Stored items:
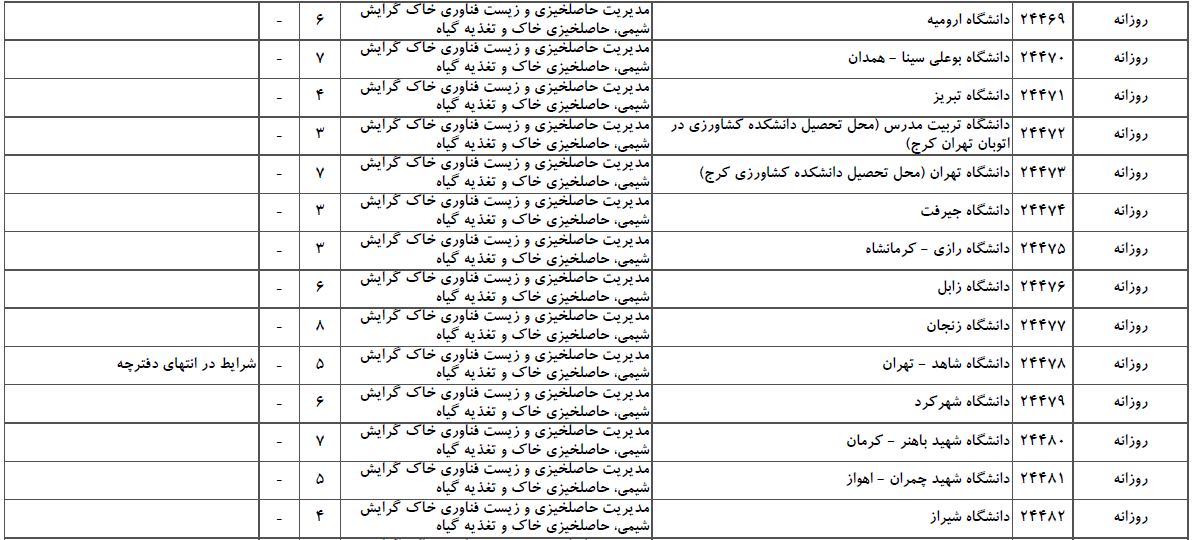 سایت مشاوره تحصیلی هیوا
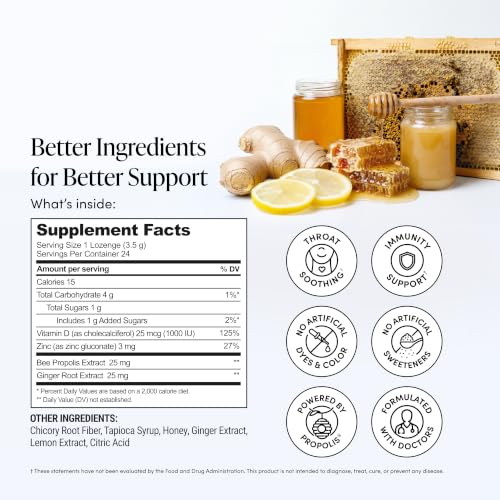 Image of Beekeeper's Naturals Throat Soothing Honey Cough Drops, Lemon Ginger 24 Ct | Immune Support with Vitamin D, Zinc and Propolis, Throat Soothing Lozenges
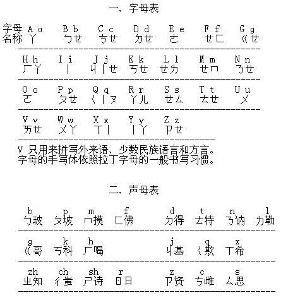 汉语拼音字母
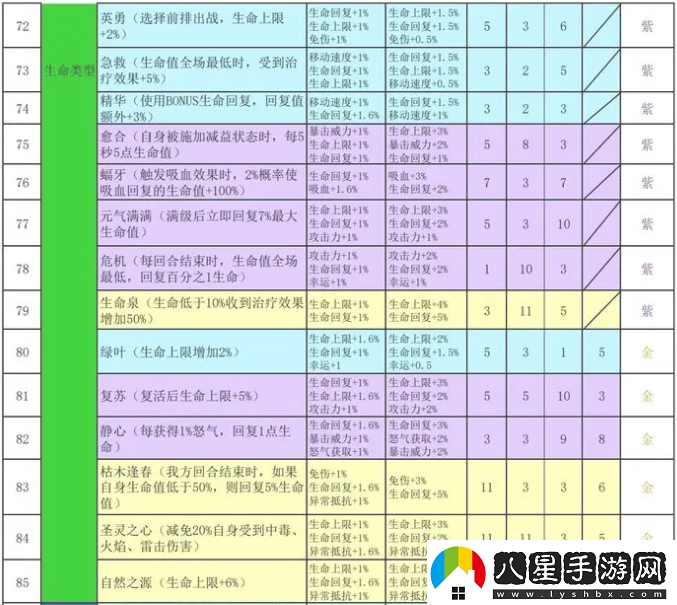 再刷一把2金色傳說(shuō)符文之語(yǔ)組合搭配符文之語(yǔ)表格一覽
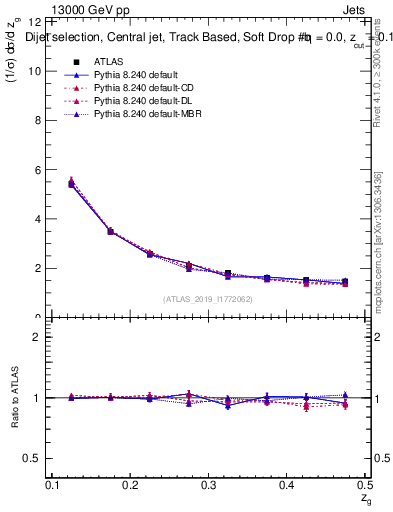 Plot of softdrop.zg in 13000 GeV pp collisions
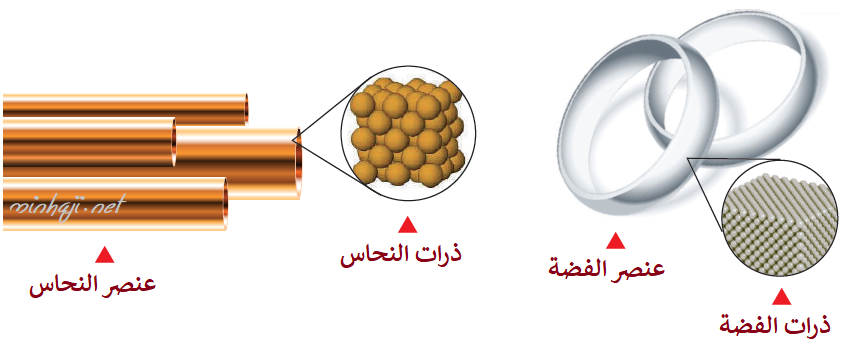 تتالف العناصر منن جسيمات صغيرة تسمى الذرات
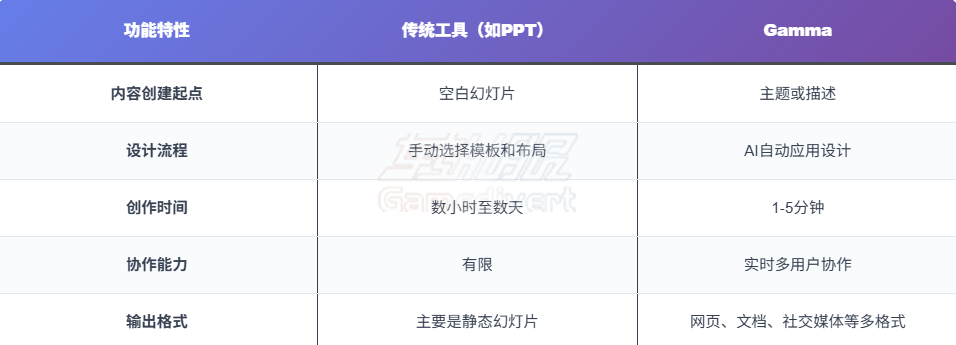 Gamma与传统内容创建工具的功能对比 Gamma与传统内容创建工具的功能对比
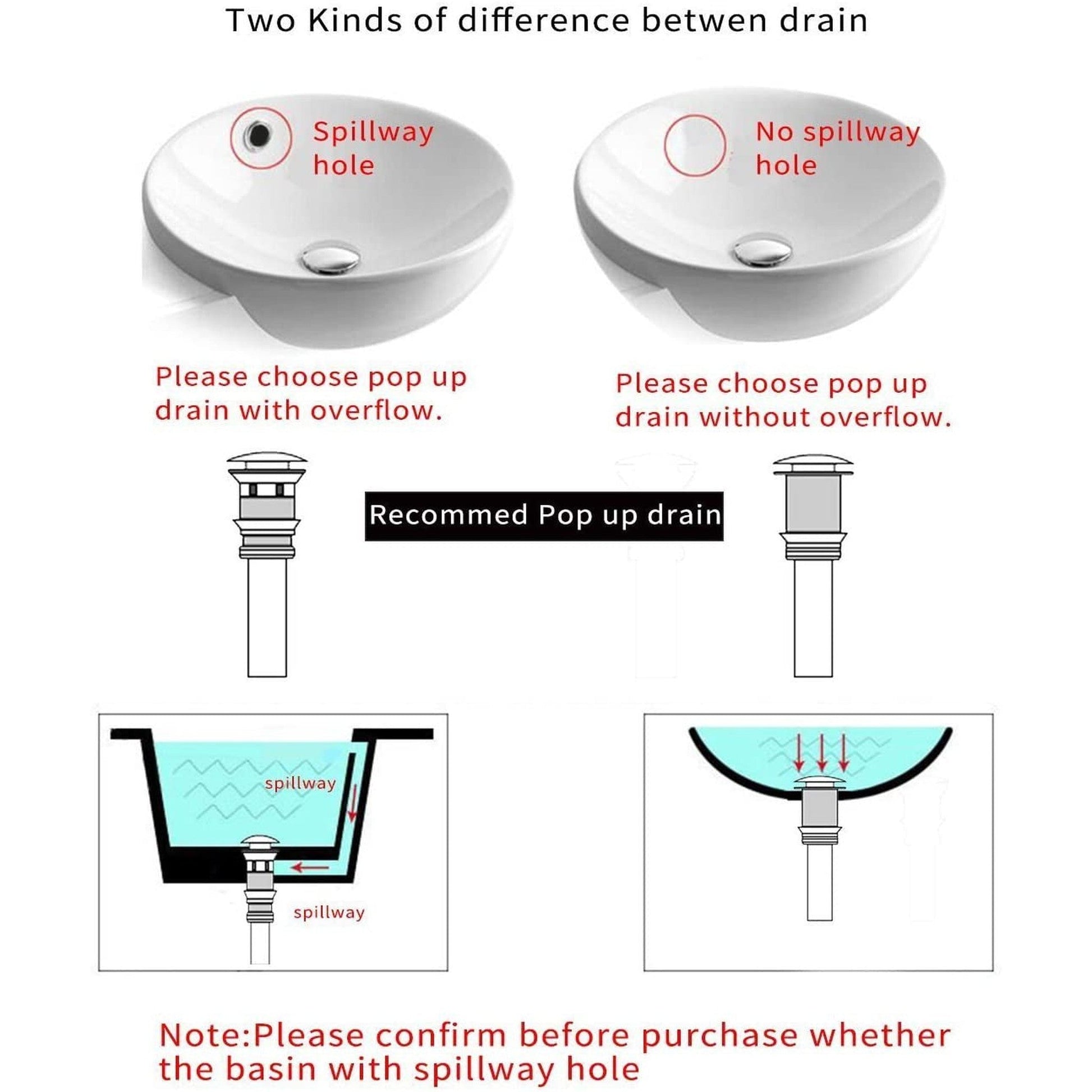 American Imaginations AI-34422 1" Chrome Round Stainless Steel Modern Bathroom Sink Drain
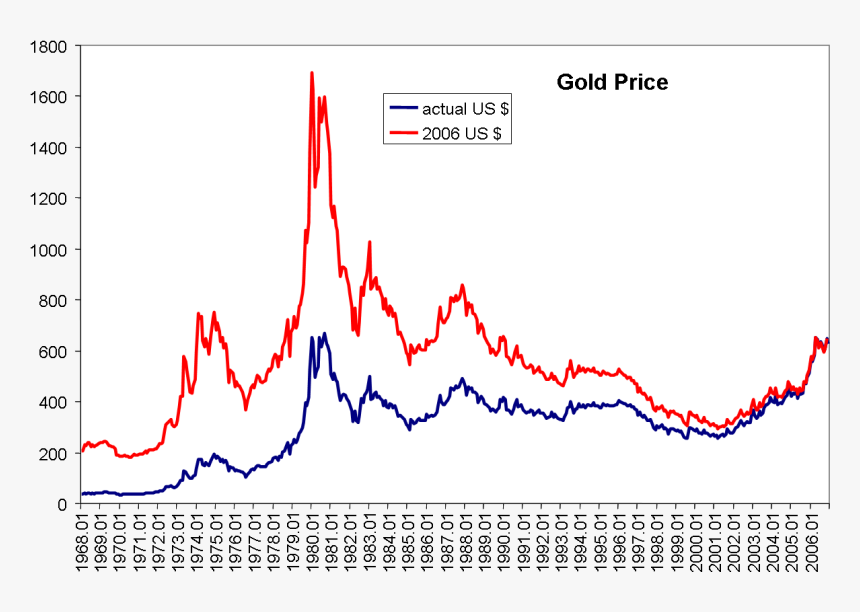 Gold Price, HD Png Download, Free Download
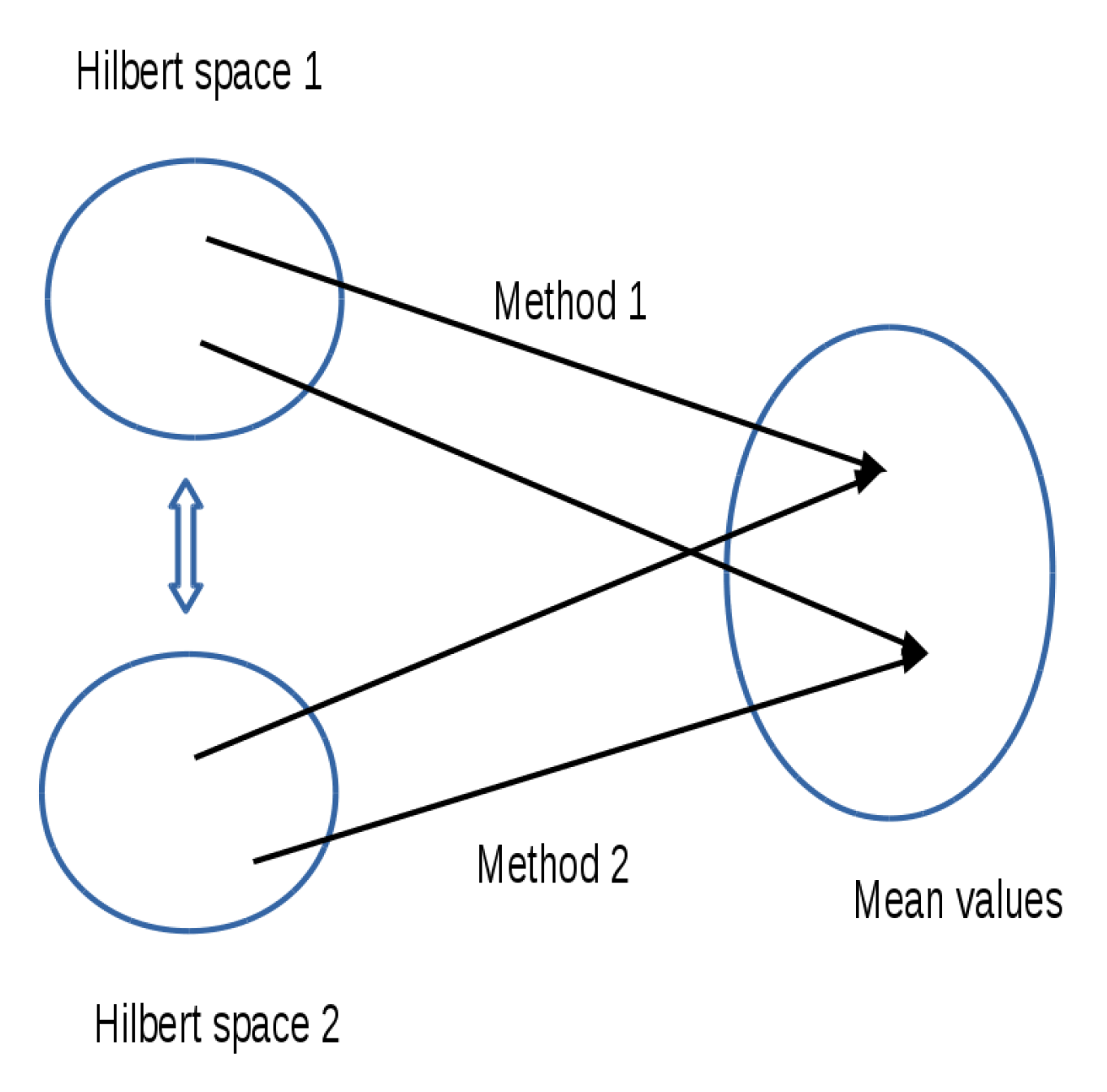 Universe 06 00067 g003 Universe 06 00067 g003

Try it – Starting at the line that contains "American Imaginations AI-34422", restate every line through the end of the records exactly as written, but leave the pictures out.

Task output –
 American Imaginations AI-34422 1" Chrome Round Stainless Steel Modern Bathroom Sink Drain
 Gold Price, HD Png Download, Free Download
 Universe 06 00067 g003 Universe 06 00067 g003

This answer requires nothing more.